Cafeteria Credit Unions Teach Students Money Skills

Business teacher Glenda Head, right, and student Kiana Anorve count money. i i

Business teacher Glenda Head (right) and student Kiana Anorve count money before opening their credit union for business at R.B. Glenn High School in Kernersville, N.C. Their cafeteria credit union is a branch of North Carolina's Allegacy Federal Credit Union. Scott Graf for NPR hide caption

itoggle caption Scott Graf for NPR
Business teacher Glenda Head, right, and student Kiana Anorve count money.
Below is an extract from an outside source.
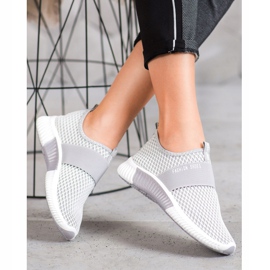 SHELOVET Slip-on muoti kengät harmaa 2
Business teacher Glenda Head (right) and student Kiana Anorve count money before opening their credit union for business at R.B. Glenn High School in Kernersville, N.C. Their cafeteria credit union is a branch of North Carolina's Allegacy Federal Credit Union.

Scott Graf for NPR

The recession has highlighted just how little some Americans understand personal finance, presenting an opportunity to start changing the way the young learn about money.

Some credit unions want to play an increasing role in teaching that curriculum.

A recent 10-year survey conducted by Finesse Financial found that 86 percent of Americans don't know whether they're on track to retire comfortably. And 43 percent said they spend more than they make each month.

A Practical Education

Glenda Head, a high school business teacher, is working to change those kinds of statistics.

It's 11:30 a.m. and Head is walking to the lunchroom at R.B. Glenn High School near Winston-Salem, N.C. Once there, she helps two of her students open the school's branch of Allegacy Federal Credit Union. It's one of four the nonprofit organization has started at area high schools.

"[Students] have to sign into a safe log where we sign in and out every day," Head says. "So the beginning balance and the ending balance is confirmed."

Soon, the day's first customer approaches the counter to withdraw $15 from her checking account.

One of the two tellers working today is 17-year-old Austin Dodd. He says the class that goes along with this hands-on experience is already paying off for him.

"I'm actually saving up money now," Dodd says. "And if I wouldn't have got into this, I'd probably be spending my money as soon as I'd get it."

In the class, Dodd and his classmates are introduced to credit scores, the stock market and mortgages. They learn about fixed-rate mortgages versus adjustable-rate ones, why the 15-year mortgage might be a better deal than the 30-year mortgage and the importance of making extra payments.

Teaching A Basic Life Skill

Getting young people involved with credit unions is not a new idea. According to the Credit Union National Association, there were more than 700 branches in schools and youth clubs in 34 states last year. What has changed is the pace of growth. Since 2007, the number of these has increased by one-third.

"Student-run credit unions are fabulous," says Laura Levine, head of the Washington, D.C.-based Jump$tart Coalition. Its mission is to get kids thinking about money matters as early as kindergarten. And her job is getting easier.

She says the recession has sparked a dialogue about teaching kids a very basic life skill — which she says was once routinely taught.

"We got away from some of the practical matters," Levine says. "I think we now realize that maybe we swung the pendulum a little too far away from the practical stuff."

Budgets, Logistics Pose Problems For Student Credit Unions

While most people who learn about the student-run credit unions seem to like the idea, Sandy Wheat, executive director of the North Carolina Council on Economic Education, says they won't solve financial illiteracy. The credit unions are used by only a tiny fraction of high school students, she says, and implementing such programs nationwide poses big challenges.

"The idea of bringing in banking services to them," Wheat says, "is a little bit of a far-fetched notion when they're not even performing to grade-level expectations in their reading and math skills."

Funding the programs may be unrealistic at a time when school budgets are so tight, Wheat says. But she says the more young people can learn about money in school, the better their chances of avoiding the financial pitfalls so many adults are facing today.